Embracing the Infidel – Stories of Muslim Migrants on the Journey West by Behzad Yaghmaian

By Roadjunky, Posted Mar 25, 2009

book about muslim immigrants

Stories that won't make it to Fox News

Understanding the other side of the fence.

Embracing the Infidel is an enlightening and heart-wrenching read. Documenting the stories of the refugees and migrants coming out of places like Sudan, Iran, Kurdistan and Afghanistan, Yaghmaian allows us to take a peak beyond the physical and psychological borders that define our cosy, prosperous lives.

Yaghmaian is himself an Iranian and though he’s now an American citizen, his native language allows him to meet refugees fleeing war, police harassment and poverty, all heading for the dreamlike riches of the West.
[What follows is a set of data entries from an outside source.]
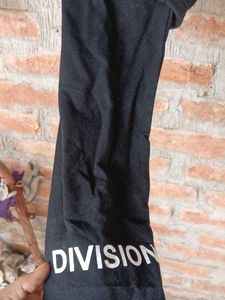 Black Casual Shorts with Leggings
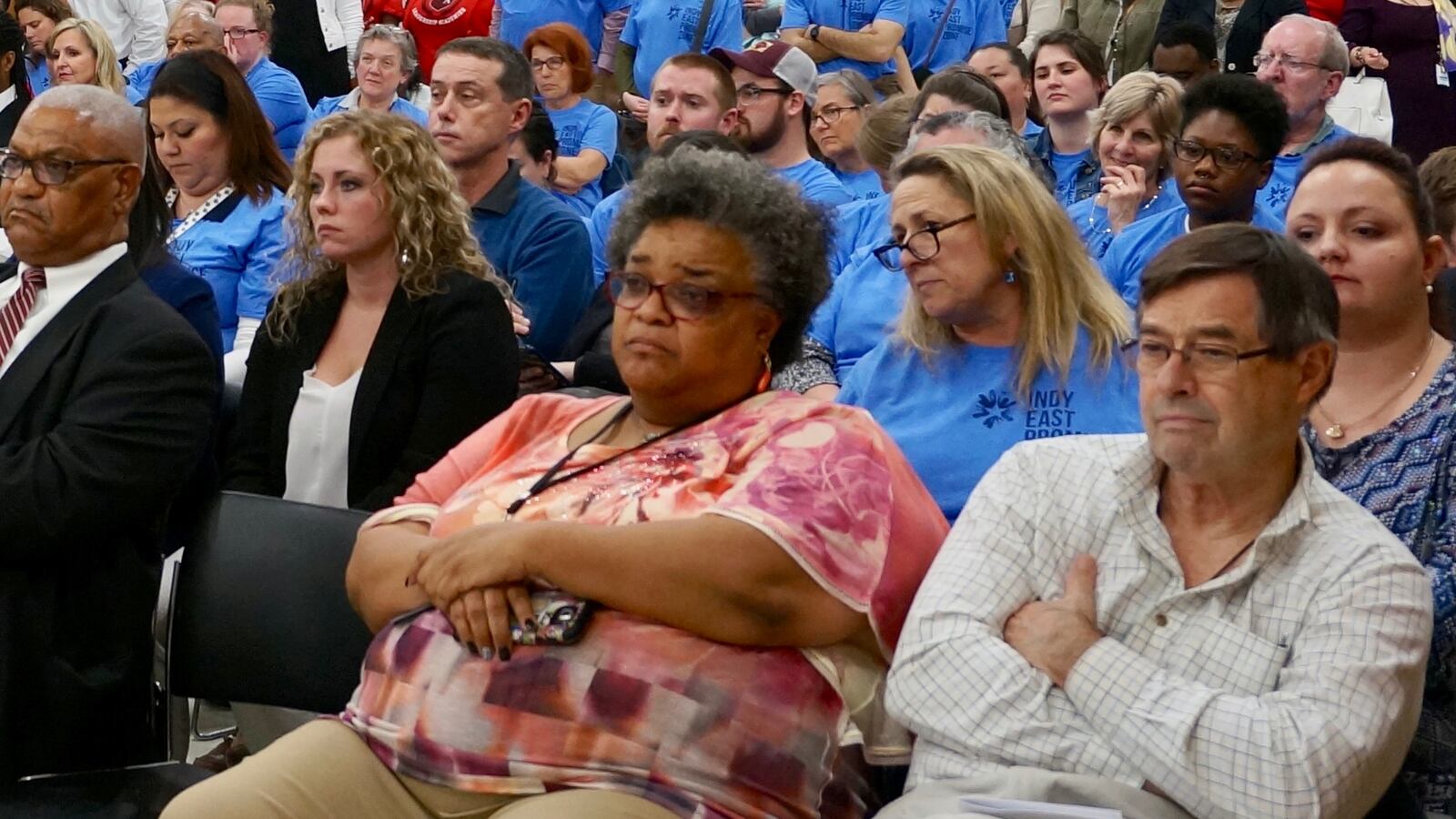 Rhondalyn Cornett at a 2017 IPS board meeting.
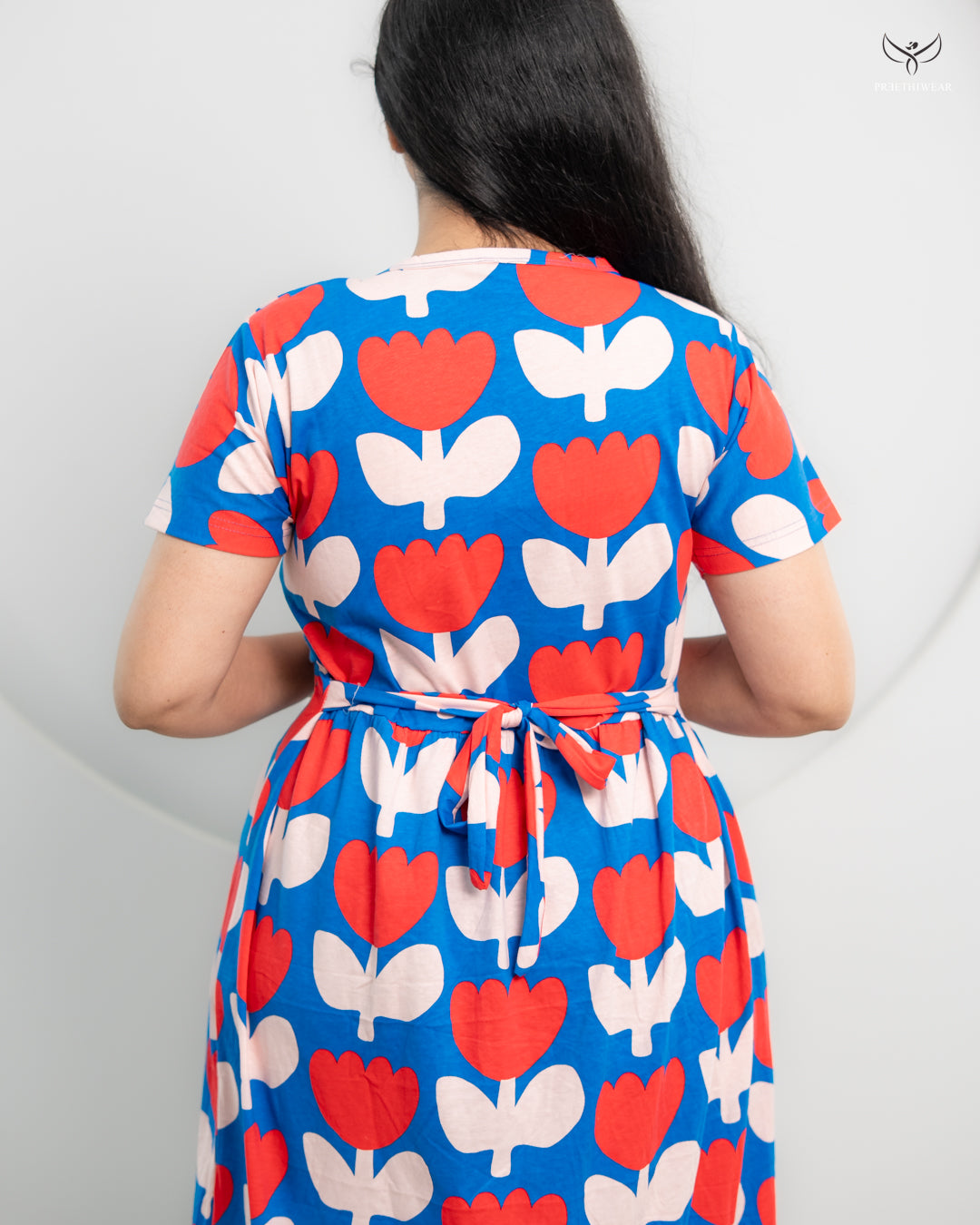 Geetha2  SoftCotton Full Length Maternity Loungewear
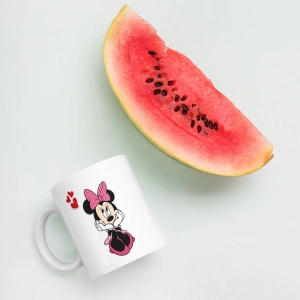 Cana personalizata Minnie Mouse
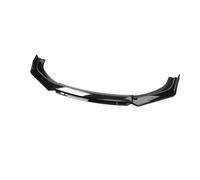 SUPER DAFI Spoiler Universale Auto Diffusore Anteriore sotto Labbra | Splitter Anteriore Auto Parti degli accessori kit corpo labbro paraurti anteriore lucido pala Lama Frontale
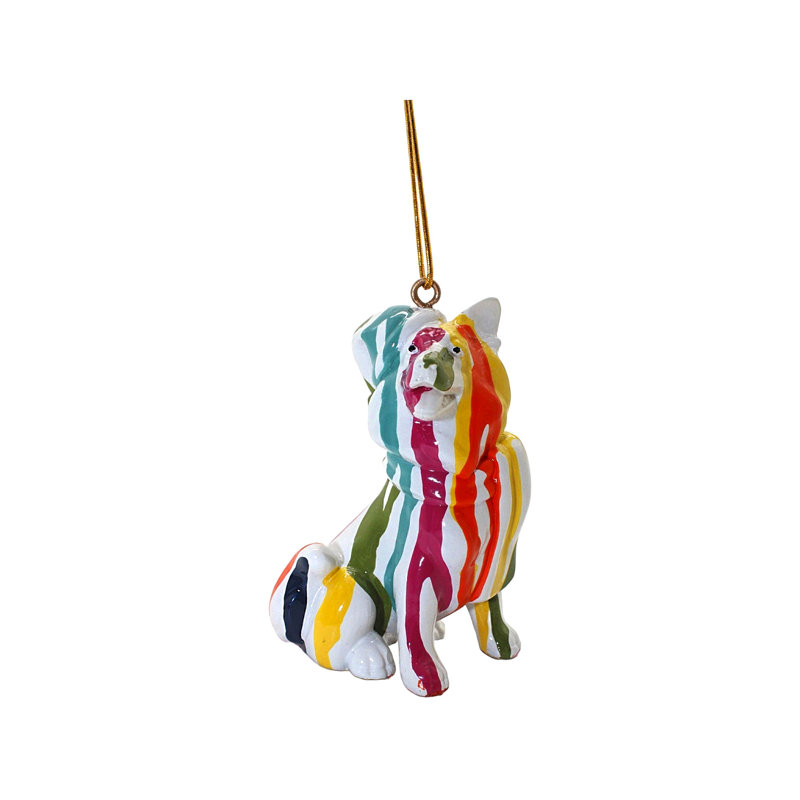 Ornement pour chien Holiday Aisle® Plus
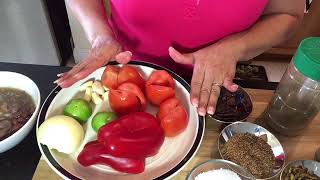 Guatemalan Red Beans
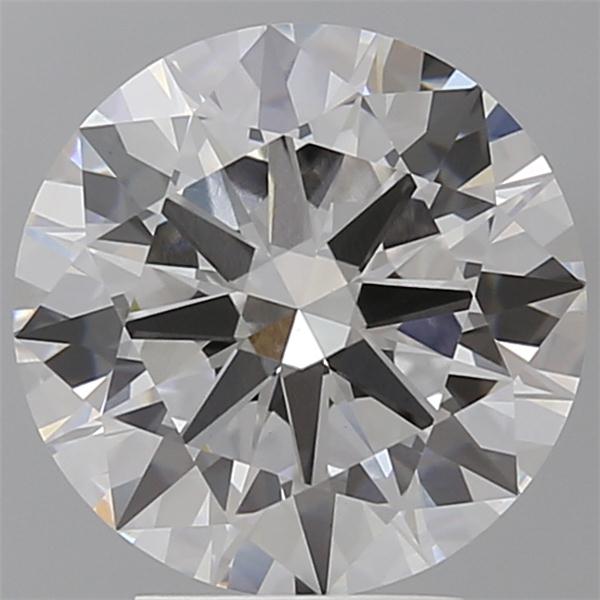 4.03 ct. round Lab Grown Diamond front image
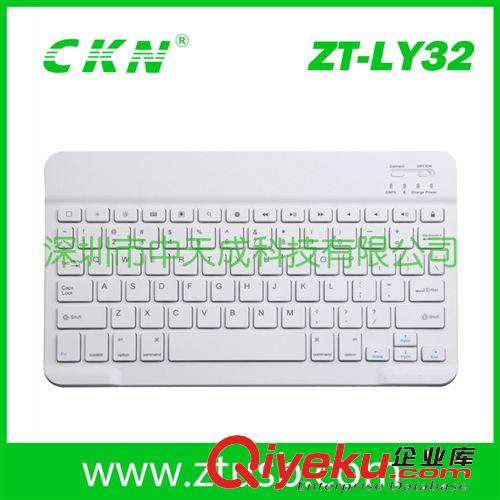 【工廠供應(yīng)】蘋果iPad5鋁合金藍(lán)牙鍵盤原始圖片2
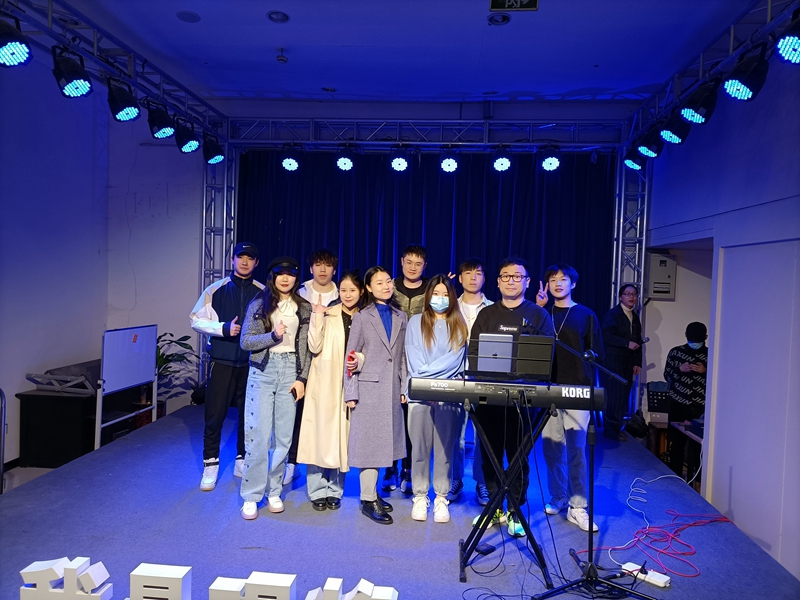 音乐学员风采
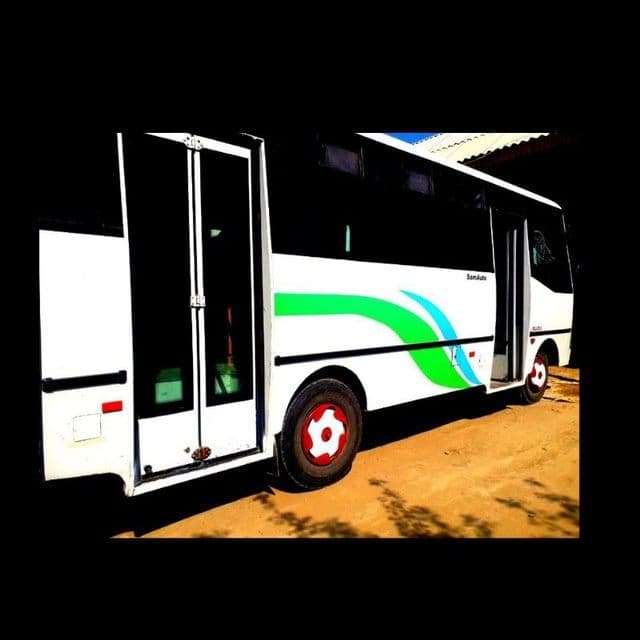 Isuzu avtobus sotiladi — 8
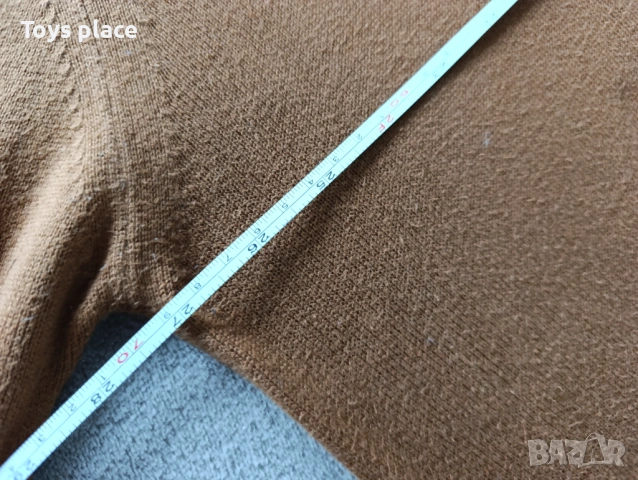 4XL Polo тънък мъжки пуловер, фино плетиво , снимка 6 - Пуловери - 52158401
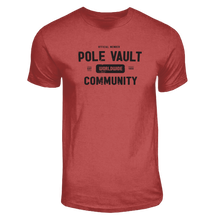 Load image into Gallery viewer, Pole Vault Community Pole Vault Shirt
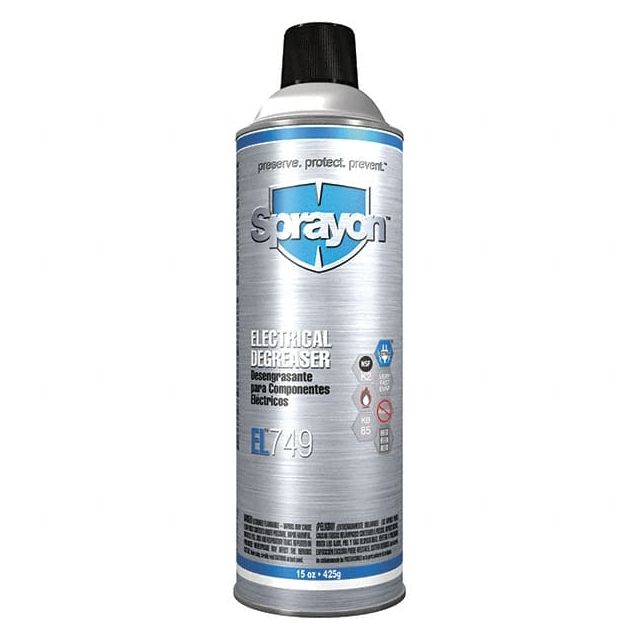 Cleaner: 15 gal Aerosol SC0749000 Household Cleaning Supplies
They cross borders illegally, sleep ten to a room in the worst neighbourhoods or outside in parks, applying for asylum and planning the next leg of their journey.

Most of them have no chance of getting refugee status. In places like Greece, around 1% of all cases are accepted and so most of the men and women on the road set their sights on the next country.

The stories of the border crossings in Embracing the Infidel are among the most disturbing you’ll hear. Those who are caught crossing into Bulgaria or Greece are frequently beaten by soldiers with metal rods or have packs of dogs set upon them. The beatings are to discourage them from coming back but many of them have nowhere else to go and so try to stash themselves away in a truck or on a boat once again.

Others try their way through snowy mountain passes or pay smugglers to take them across the Mediterranean on leaky boats. Sometimes these are sunk by the Greek coastguard and only those who know how to swim survive.

Yaghmaian begins his journey in Istanbul and slowly follows the migrant trail through to Sofia, Athens and Paris. Naturally, he meets some of those who were successful in crossing the borders by illict means and when he hears that an African refugee he’d known in Turkey had made it to Bulgaria, he takes him out to the town center to celebrate. Roberto, an Angolan who had escaped civil war, breathes in the air ecstatically and at one point pauses to buy a small address book from a street vendor.

“‘Who is this for, Roberto?” I asked.

‘It’s for me,’ he said, ‘I want to put your phone number in it.’

For the first time since he left Africa in the bottom of a ship, perhaps the first time in his tormented life, Roberto became a tourist.”

For the most part, the migrants are desperate to tell their stories. Part of their misery is not only not having enough to eat and being persecuted by the police, it’s being invisible. When Yaghmaian interviews them, they feel important for the first time in ages. They are heard. For, even when they get temporary legal status somewhere and can make a living selling Chinese sunglasses or selling kebab in the street, they know that they will never belong. The locals regard them with fear or, at best, with a kind of pitiful condescension. Roberto tells of being invited by some Greek girls for a drink but far from any thought of romance, at the end they offer him some money to compensate for his conversation. The shame makes it impossible for him to spend the money.

Desperation is the brother of crime and we learn about the drug addictions that many migrants fall into as they lose their way. In order to fuel their habit they get others addicted and sell to them. And then there are the smuggling rings run by the Kurds and Iranians who control the exit points to the docks – any migrant who tries to get through on his own gets beaten badly.

After 9/11, attitudes across Europe and America changed towards refugees and getting asylum became much harder. As many migrants are Muslims escaping wars in Iraq, Afghanistan and Sudan, they now had the label ‘terrorist’ to deal with and border states like Bulgaria and Greece have been pressured to tighten up their borders. Such pressure results in the violence and torture that migrants experience when they attempt to make their way West.

Embracing the Infidel takes away the labels and the statistics and shows us the very human stories of these people caught between two worlds, belonging to neither.